The Yamanote train line encircles Tokyo. It hits all the major stops from Shibuya and Shinjuku, Ikebukuro and Ueno.
I was riding the Yamanote at rush hour and anyone who rides at rush hour knows that you should never, ever ride the Yamanote at rush hour. It ought to be avoided like splinters, land wars in Asia, and stepping in dog poo.
The train was packed. When I say packed I don't mean a lot of people were on board, I mean everyone was on board. Like all of Japan was seated, standing, squashed-against-your-neighbor-as-they-are-squashed-against-you packed.You've seen the photos of those guys at Tokyo station; the guys with the white gloves pushing and shoving people onto the train at rush hour. I was one of the pushed and shoved.
I was to exit at Ebisu station. Ebisu is a nice station. It is clean and modern looking. I can't remember why I was to exit there, but I was. This station and I had history. Several months earlier I had been running to catch a train. The nice station lady on the loudspeaker always tells you not to run for the train because in Japan another train is just around the bend. But I ran for the train anyway - to hell with the nice station lady.
The train was leaving, the tones were toning, I ran, and I missed the train. Not literally, mind you. I didn't literally miss the train. I literally hit the train. See, the doors closed on me just as my left foot left the platform. My left foot hit the train. Literally. And because my weight was on it, I fell. I fell into the space between the train and the platform. My entire left leg - up to the groin - was dangling into this space and my back was splayed against the train. Uncomfortable.
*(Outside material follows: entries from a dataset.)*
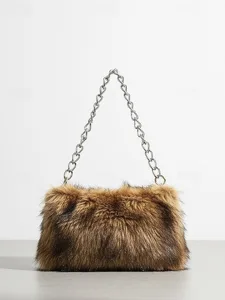 sac-a-main-a-chaine-en-fausse-fourrure-p-kaki-12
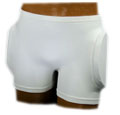 CareHip Premium Hip Protector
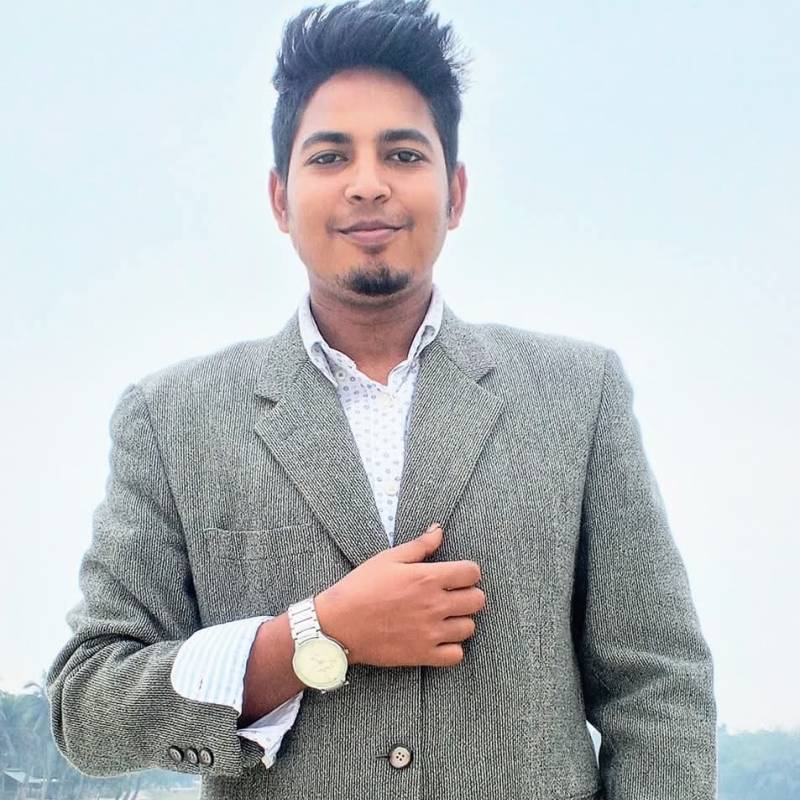 Calling Rudro, 31, Santa Branca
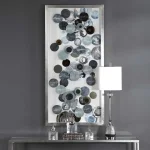 Kella Shadow Box - Image 3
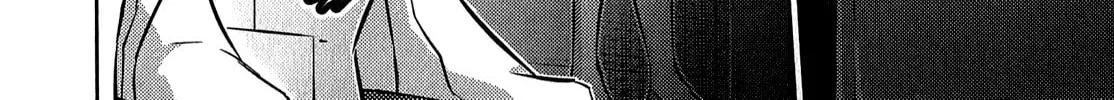 Freezing: Zero Chapter 23 page 61 - 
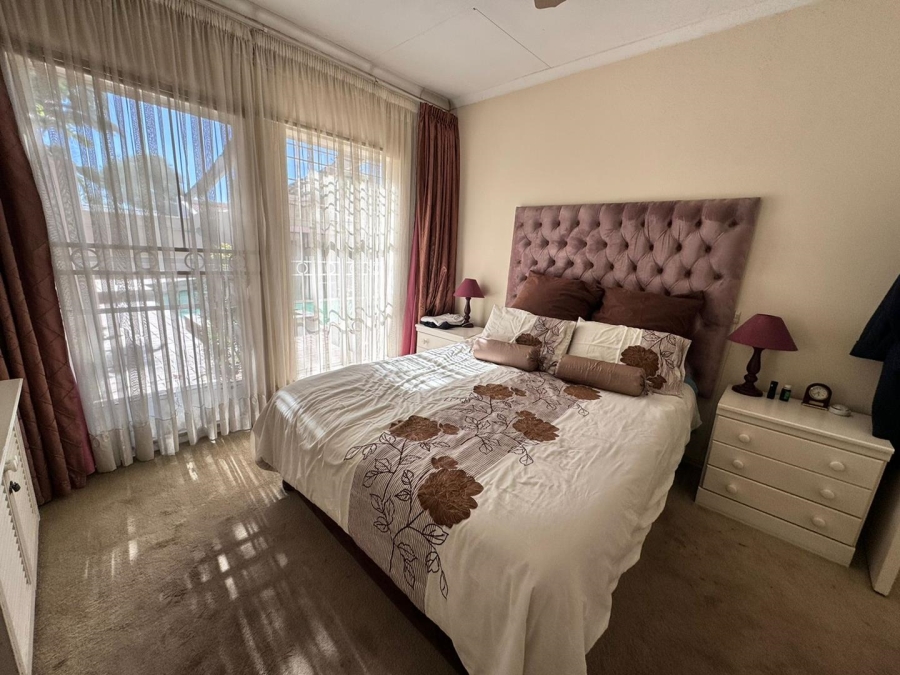 3 Bedroom Property for Sale in Ormonde Gauteng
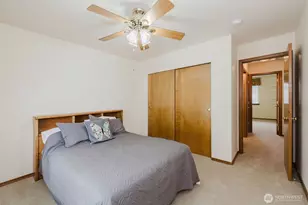 6003 60th Loop SE, Lacey, WA 98513 - Photo 35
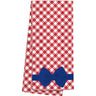 Swig Life Tea Towel / Patriotic Picnic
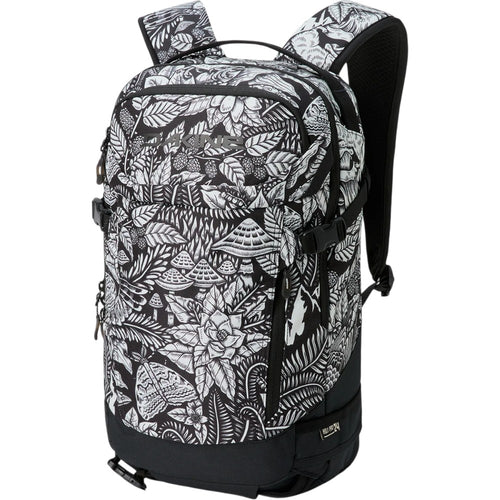 Sac à dos Dakine Heli Pro 24L pour femme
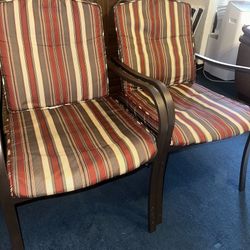 Living Room Items For Sale. Everything Must Go! Best Offer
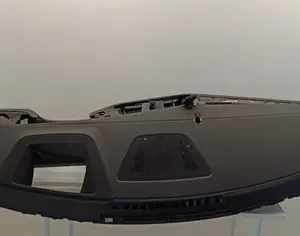 BMW X6 2019-2022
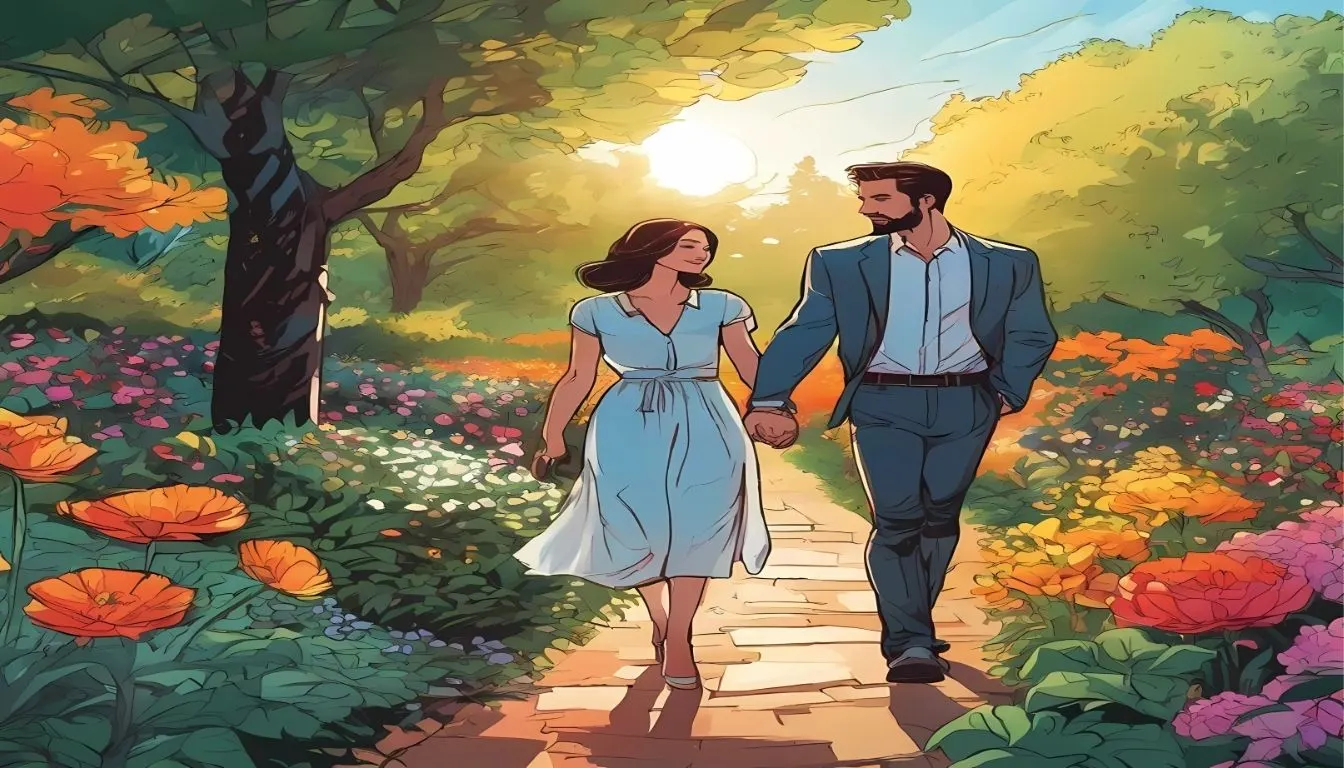 Building a Foundation: Prayers for an Enduring Marriage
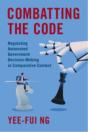 Combatting The Code - Preview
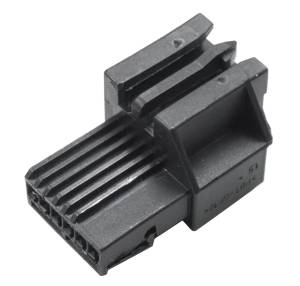 Connector Experts - Normal Order - CE6429 - Image 4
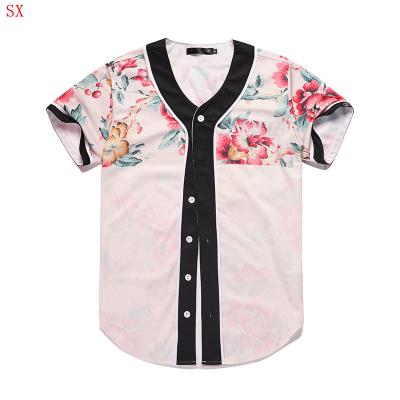 Givenchy Shirts-540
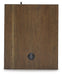Moriville Occasional Table Set - CasaBella Furniture (San Antonio, TX)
There were gasps - not my own. People on the train freaked. And the train was leaving - they had a schedule to keep. So, I moved quickly and tumbled my way out - I shifted my weight and threw my leg over my head and front rolled or something. It worked. I wasn't cuisinarted between the train and platform and shredded to death as I would later hear someone actually had been. As I came out of the roll I tried to act natural. I mean, as natural as one can in avoiding spinning, shredded, cuisinarted death. So, this station and I had history.
We pull into Ebisu and it just so happens I am the first one off the train. This is quite liberating, knowing that, in a sense, you control the destinies of everyone in tow, since you lead the charge out the doors. I was ready to charge after the packed, sweaty, ride. The trains in summer can sometimes be as fresh as gym shorts.
The train stops, the doors open. I take a single step out, ready to sidestep the deluge of people about to flood the platform - there's a certain undulating inertia needed for that many people to exit cohesively. But there was a problem. The guy off the train right after me trips. He didn't even step upon the platform, he trips out of the train and spills onto me, like the creepiest human blanket ever.
Now, had I taken just one more step it would have spelled curtains for him: This fellow would have hit the deck and everyone in Japan would have avalanched in the most epic Mt. Fuji dog pile ever. Mel Brooks once said, "Tragedy is when I cut my finger. Comedy is when you fall into an open sewer and die." My one more step begged comedy gold.
Bear in mind, "Comedy Gold" does not meet a high bar in Japan. I remember watching TV upon my arrival and being utterly dumbfounded as to what the hell was so funny about skinny men failing miserably at head stands while wearing black unitards.
And then I lived there for three years. And I gotta say, the sight of a grown man standing atop a table wearing nothing but a Kewpie doll hair cap imitating the naked Kewpie doll he has just posed into Yoga's "sun salutation" in a bid to crack his stony-faced cohorts deserved a goddamned Emmy.
So, I braced. I braced until "Trippy" found his footing and his balance and didn't face suffocation under the rest of Japan. I waited, along with everyone else, until he got up and off me. It was only then that I took my second step and continued on my way. Just being there is sometimes enough to help someone else find their footing.
I had only made it about five more steps when a young, suited fellow walked quickly in front of me, spun on his heels, bowed, and said in perfect English, "Thank you!" He then spun just as quick and disappeared into the crowd.